Dr. Inglis said “Metrology is the science of measurement and its application – Metrology includes all theoretical and practical aspects of measurement, whatever the measurement uncertainty and field of application”. Role of Metrology in Trade included Fair trading, International acceptance of products and testing, Food safety, etc. Role of Metrology in Energy included Energy transformation (e.g. efficiency, renewables), Distribution & Trade (e.g. electricity, gas, oil), Qualitification of energy content, Environmental impact, etc. Role of Metrology in Quality of Life included Health and Safety, Impact of emerging technologies, Food safety, Environment, etc. Finally, Dr. Inglis concluded that Metrology played a major roles and measurement in terms of the SI provided the basis for credible and reproducible measurements.

The second speaker was Mr. Peter Unger (Chairman, International Accreditation Cooperation ILAC) and his topic named “The Role of Accreditation in the Provision of Energy – The Perspective of ILAC and IAF”. Mr. Unger briefed the objectives of IAF and ILAC that they aimed to maintain the arrangements and to expand coverage into new economies so as to act as a central ‘hub’ to harmonize conformity assessment best practice. (We had met Mr.

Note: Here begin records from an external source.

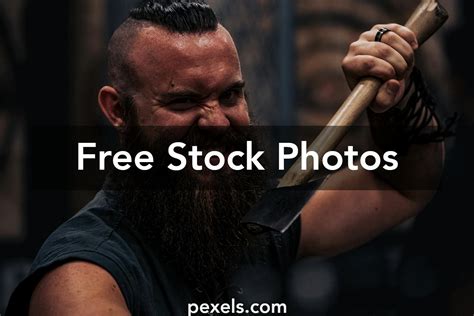 Tough Photos, Download The BEST Free Tough Stock Photos & HD Images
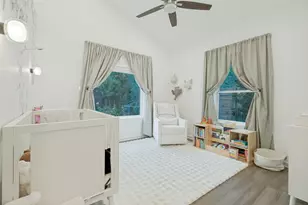 8627 San Leandro Dr, Dallas, TX 75218 - Photo 29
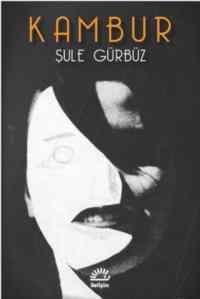 Kambur - İletişim Yayınevi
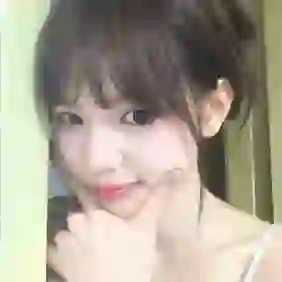 字母圈最严厉的主人的头像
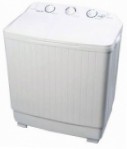 Digital DW-600S Tvättmaskin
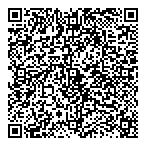 QR код "1001 тур"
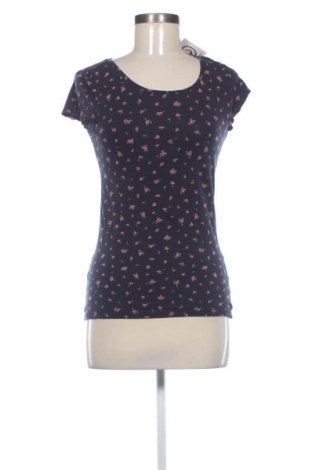 Γυναικείο t-shirt Unbranded, Μέγεθος S, Χρώμα Πολύχρωμο, Τιμή 8,63 €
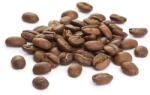 Manu Cafe Peru El Eden - Anaerobic Washed, 1000g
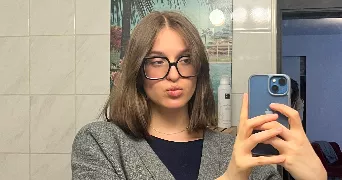 maëlys pet sitter à STRASBOURG 67000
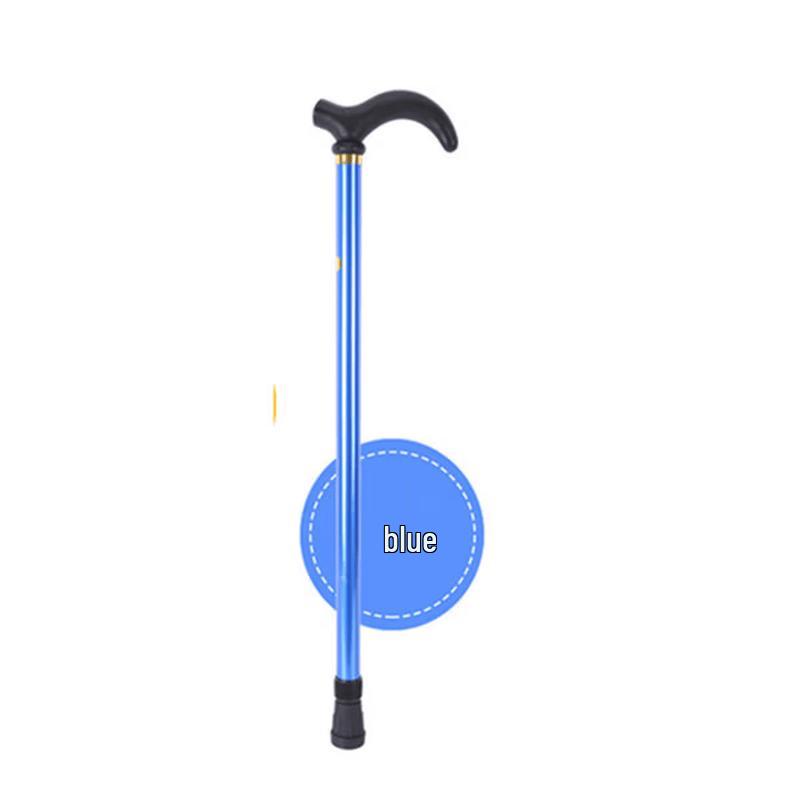 Tolex Ultralight Foldable Trekking Pole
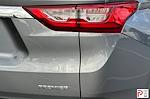 Used 2020 Chevrolet Traverse Premier for sale #G266367A - photo 36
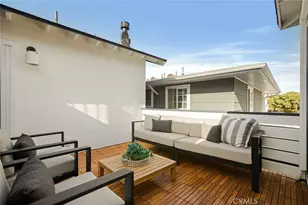 1585 Miramar, Newport Beach, CA 92661 - Photo 43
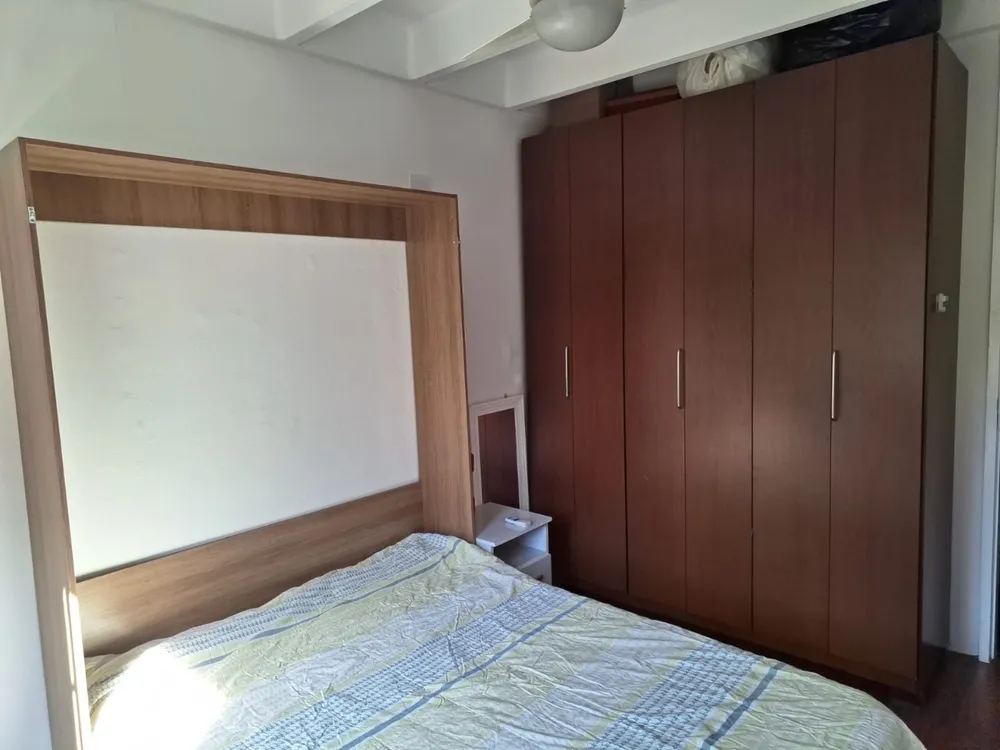 Apartamento, 2 quartos, 61 m² - Foto 5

Peter Unger in Science Park before. Detailed link is in reference)


Mr. Peter Unger introduced the structure of Accreditation which supported by government, consumers and users. Then he said the provision of energy was the theme because energy was essential to daily activities. The IAF and ILAC Arrangements were structured to build on existing and developing regional MLAs/MRAs established around the world. He concluded that IAF and ILAC commit to develop a harmonized global approach for accreditation practices to esure equal reliability of accredited services as so to support developing economies to establish their accreditation infrastructure.

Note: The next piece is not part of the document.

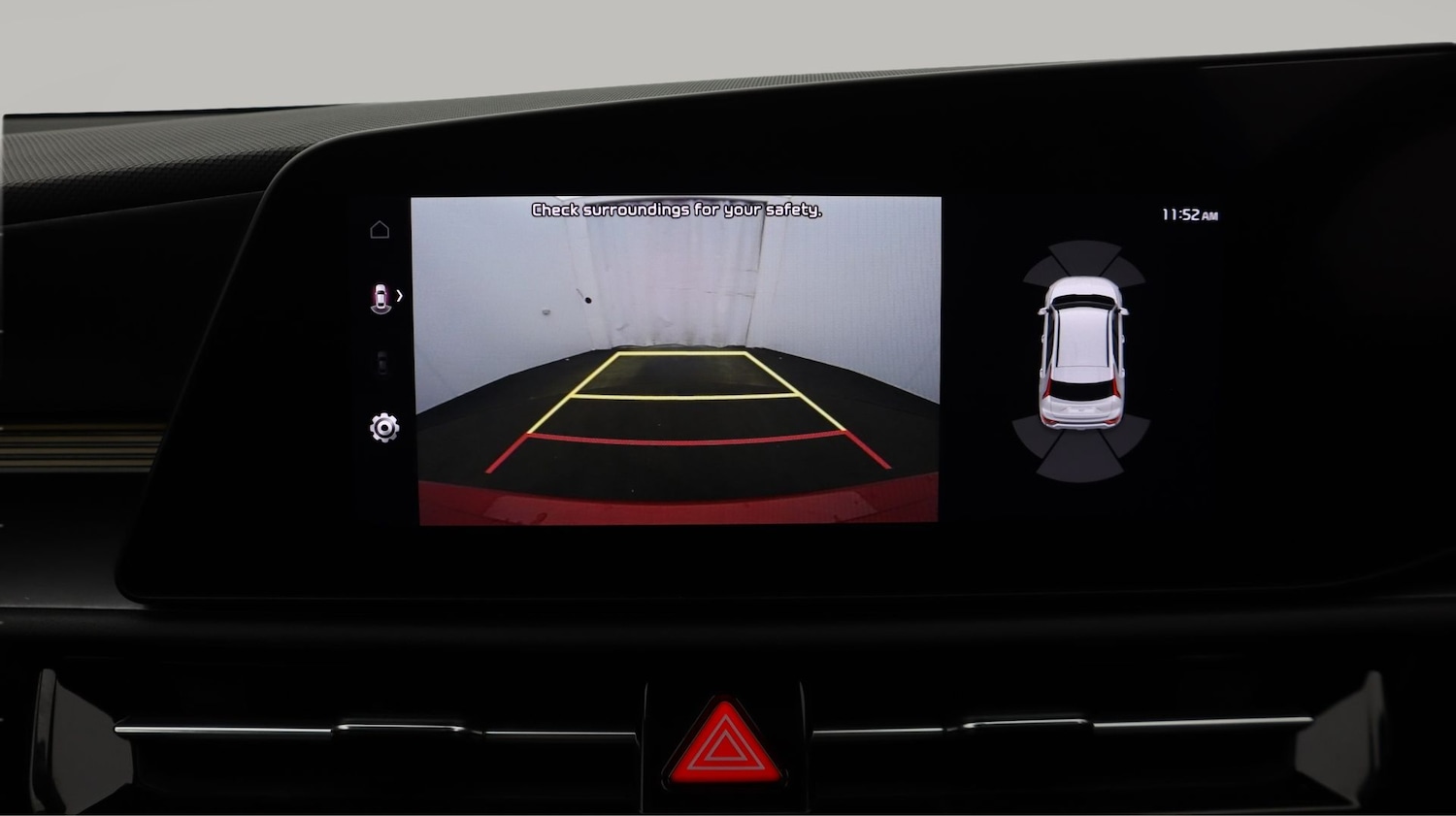 Used Kia Niro 2023 for sale - 77304784: Photo 25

Mr. Rob Steele was the third speaker and his presentation title was “How Standards Level the Playing Field”. He said the world needed a great standards and conformance infrastructure that was aligned to meet customer needs.


Then Mr. Steele introduced ISO Global System which had 162 national members. There were many ISO’s works in recent years and he pointed out those standards promoted innovation in business which was really important.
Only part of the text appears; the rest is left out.